DESIGN2023-03-06BY MARA SABOGAL

Design: making retries visible in the UI

Patterns we use so automatic retries feel predictable and honest instead of random and frustrating.

designreliabilityretriesux

Retries are one of our favorite reliability tools.

They are also a common source of user confusion.

From the system’s perspective:

we see transient errors and timeouts
we add retries with backoff
graphs smooth out

From the user’s perspective, retries can look like:

a button that sometimes works and sometimes doesn’t
a spinner that hangs for a while and then resolves
duplicate actions they didn’t mean to trigger twice

This post is about how we design UI around retries so they feel predictable and honest.

Constraints

We already had retries implemented in many places.
We didn’t want to expose all the internal complexity.
Some flows were more sensitive (payments, irreversible actions) than others.

What we changed

We focused on three questions:

What does the user see while we’re retrying?
How do we avoid doing the same work twice?
What do we tell the user when we stop?

1. Show that work is in progress, not stuck

For actions where we retry automatically, we:

show a clear "in progress" state (e.g., "Saving…" rather than a generic spinner)
avoid disabling all feedback; buttons may be disabled, but we show text and, when appropriate, a small status indicator

If the action might take more than a couple of seconds, we:

use language that sets expectations ("This can take up to a minute")
consider exposing some sense of attempts ("Still trying…") without numbers that imply guarantees

2. Make actions idempotent from the user’s point of view

We design flows so that:

pressing a button twice doesn’t run the action twice in a harmful way
automatic retries reuse the same request identity under the hood

In the UI, this means:

we show the action as "pending" rather than making the user guess whether clicking again is safe
we prevent obvious double-submits by:
- disabling the primary action while work is active
- showing a clear way to cancel, when safe

3. Be honest when we give up

Retries can’t last forever.

When we stop, we:

tell the user what happened in plain language
make a concrete suggestion ("You can try again" or "We’ll keep trying and email you")
avoid implying that the action may or may not have partially succeeded without clarifying what we know

Where possible, we:

show the current state of the underlying entity ("Your change has not been saved")
log enough context that support can tell what happened later

4. Separate user errors from system errors

Retries don’t help with user mistakes.

We distinguish:

errors where another attempt might succeed (network, transient server issues)
errors where the input is invalid or the action is blocked (permissions, validation)

The UI reflects this:

user errors get specific, actionable messages and no automatic retries
system errors get bounded retries and clear status copy

This keeps users from feeling like the system is "just trying again" on input they can fix.

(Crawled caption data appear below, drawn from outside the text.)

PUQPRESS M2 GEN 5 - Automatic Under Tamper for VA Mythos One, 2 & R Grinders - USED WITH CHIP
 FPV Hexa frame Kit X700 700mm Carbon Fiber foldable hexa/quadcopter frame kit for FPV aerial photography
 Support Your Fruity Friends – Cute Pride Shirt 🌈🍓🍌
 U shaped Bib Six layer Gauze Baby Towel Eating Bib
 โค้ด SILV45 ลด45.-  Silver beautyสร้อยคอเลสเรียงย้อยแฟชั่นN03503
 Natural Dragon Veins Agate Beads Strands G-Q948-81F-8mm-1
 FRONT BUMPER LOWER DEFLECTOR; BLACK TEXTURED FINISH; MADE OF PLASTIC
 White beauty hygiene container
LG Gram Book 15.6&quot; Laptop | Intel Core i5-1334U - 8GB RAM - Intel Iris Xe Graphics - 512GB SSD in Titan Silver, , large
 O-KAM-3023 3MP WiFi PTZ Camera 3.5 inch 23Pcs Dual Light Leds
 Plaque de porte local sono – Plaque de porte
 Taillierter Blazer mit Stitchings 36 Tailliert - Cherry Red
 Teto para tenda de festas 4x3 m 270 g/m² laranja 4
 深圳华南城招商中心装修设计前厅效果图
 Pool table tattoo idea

5. Make retry behavior discoverable for support

Support often gets the first report when retries behave badly.

We surfaced retry behavior in internal tools:

a short note in the support view for key flows ("We retry this action up to N times over M minutes")
recent status for retry-heavy actions ("Last attempt at HH:MM", "Next scheduled retry")

This helps support:

set expectations with users
know when it’s safe to advise "try again" vs escalate

Results / Measurements

We looked at a few signals after updating our retry patterns in key flows:

support tickets that boiled down to "did my click work?" dropped
we saw fewer duplicate submissions in flows where we added clearer pending states and idempotent handling
user research sessions showed less confusion around long-running operations once the UI set better expectations

These weren’t dramatic numbers, but they were enough to confirm that the design changes were moving us in the right direction.

Takeaways

Retries are a UX concern, not just a backend implementation detail.
Users need to see that the system is trying, not stuck.
Idempotent actions and clear pending states prevent double work.
Honest messages when we stop retrying build more trust than ambiguous failures.